Bella. I love you, Bella.
On days when she (Veronica) didn’t have a babysitter, she’d drop him off at the movie theater. He remembers being seven and in heaven, able to squeeze in two and a half showings of Poltergeist before his mom returned for him. At home he’d reenact scenes of being sucked into the closet or slide across the kitchen floor. Balmaceda tells me, “When our parents got cable, the HBO song would come on and Pedro would run around the house yelling, ‘A movie is coming! A movie is coming!’” [...]He sat at a distance from his family as usual, preferring to be close to the screen. But then he started crying so loudly when Whoopi Goldberg’s Celie was being separated from her sister that his mother had to collect him and help him catch his breath outside.
When he talks about his childhood memories, I become honey. It gives me the assertive feeling that he is the kind of person that talks and talks and talks, and tells and tells stories and never run off them, and never gets boring, and they are always sweet (or bittersweet but sweet in the end)
He makes me think about my childhood with another lens to look through. Less remorse. More a kind of let-go-of-it.
Drugs were everywhere. Pascal remembers being 16 and taking acid and calling his mother to check in and let her know he was going to spend the night out. “And she sighs and goes, ‘Oh.’ And that was not normal. And I was like ‘Wh-why?’ and she said, ‘Oh, no, I was just hoping that we would all go to a movie.’ I was just so drawn to that kind of maternal attention, so I said, ‘I’m coming!’” He rushed home and sat mute and paralyzed, tripping in the back seat as they drove to see John Sayles’s City of Hope.

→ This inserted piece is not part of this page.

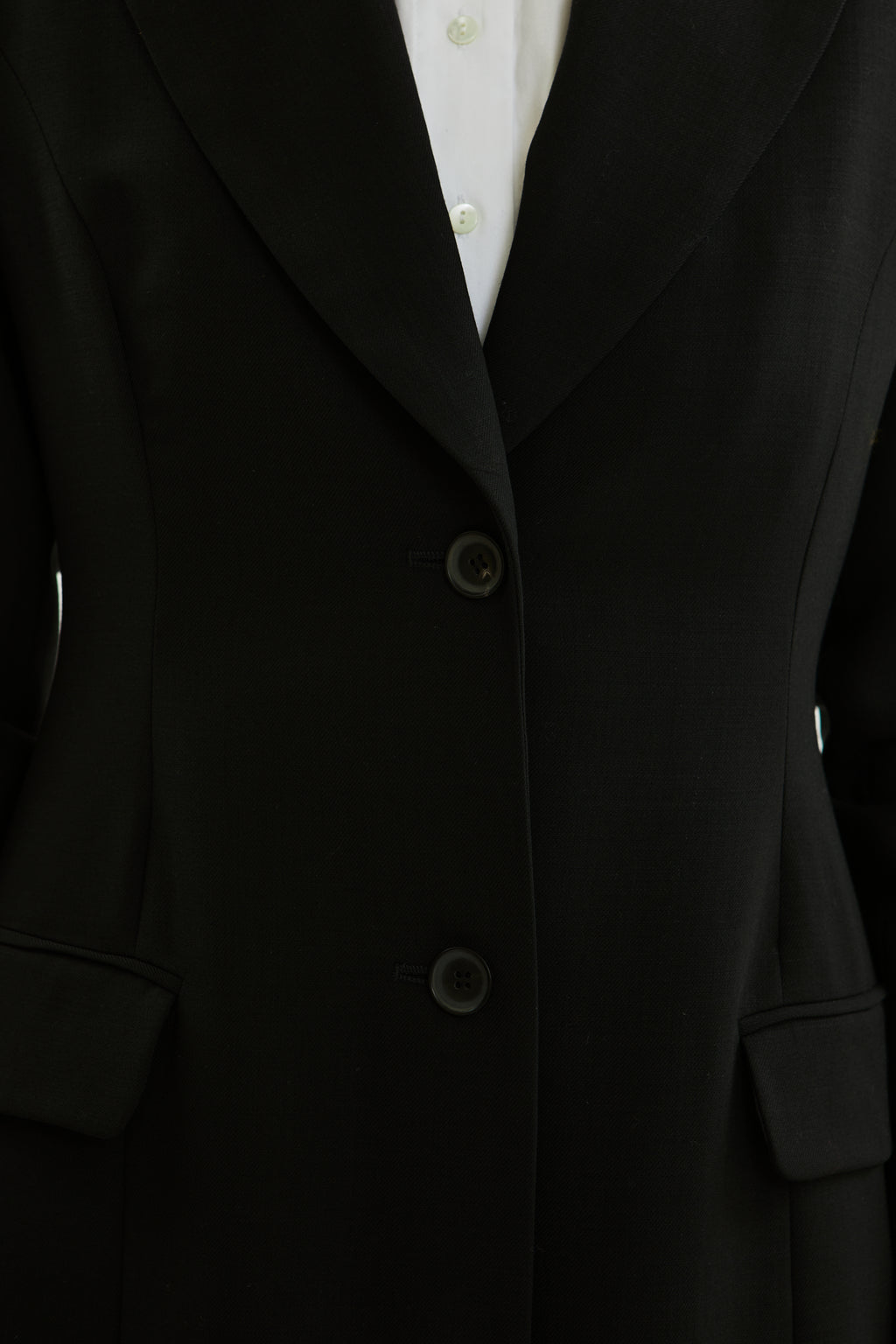 Gaia Coat | Black - Wool silk blend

yes, more tears over here.
“I was having a really hard time when I was 18, 19, 20,” Pascal tells me. “I was struggling really badly with insomnia. I was reading James Baldwin and watching movies like Once Were Warriors and Muriel’s Wedding. I just was like an open wound to the reality of life.” He pauses to smack the table with his hand, groaning and laughing at himself. “It sounds so fucking pretentious, but I felt at this crossroads of coming into an understanding of what an unjust world we live in. This world, and its lack of equanimity, is just too painful to bear. How do you live in it?”
This is the moment where I had to stop reading. I was literally a cascade at this point. I felt like that song Killing me softly with his song by The Fugees and the part that goes:
I felt he found my letters
Then read each one out loud
I prayed that he would finish
But he just kept right on
I felt like he just grabbed all my diaries, my letters, my notes on my laptop. Everything. And just read them out loud.
And I felt less lonely for a moment, less detached from reality. More grounded to this moment that is, maybe, a wake up call.
That there is still time.
His grief had no place in Los Angeles, with its isolating highways and traffic and sprawl. So he went home to New York City, where he’d made some headway as an actor after college, only to find that his early luck had run out. He lived in a seventh-floor apartment of an East Village walk-up. Every night he’d have a cigarette on his fire escape and watch the moon rise between the Twin Towers.
Suicide grief is something I've never had the opportunity—well, more like favour of spilling my guts out for once—to talk with anyone. I went through it alone, mostly. I always think that there is no place as lonely as oneselves head (is oneselve's a word? am I dealing already with the precious side effects of twenty years of insomnia?). Reading Pedro talking about grief is ligthening.
I use to make myself a question, every now and then:
'When does it stop?'
Maybe never. And it's okay.
"Listen, I want to protect the people I love. But it goes beyond that. Bullies make me fucking sick.”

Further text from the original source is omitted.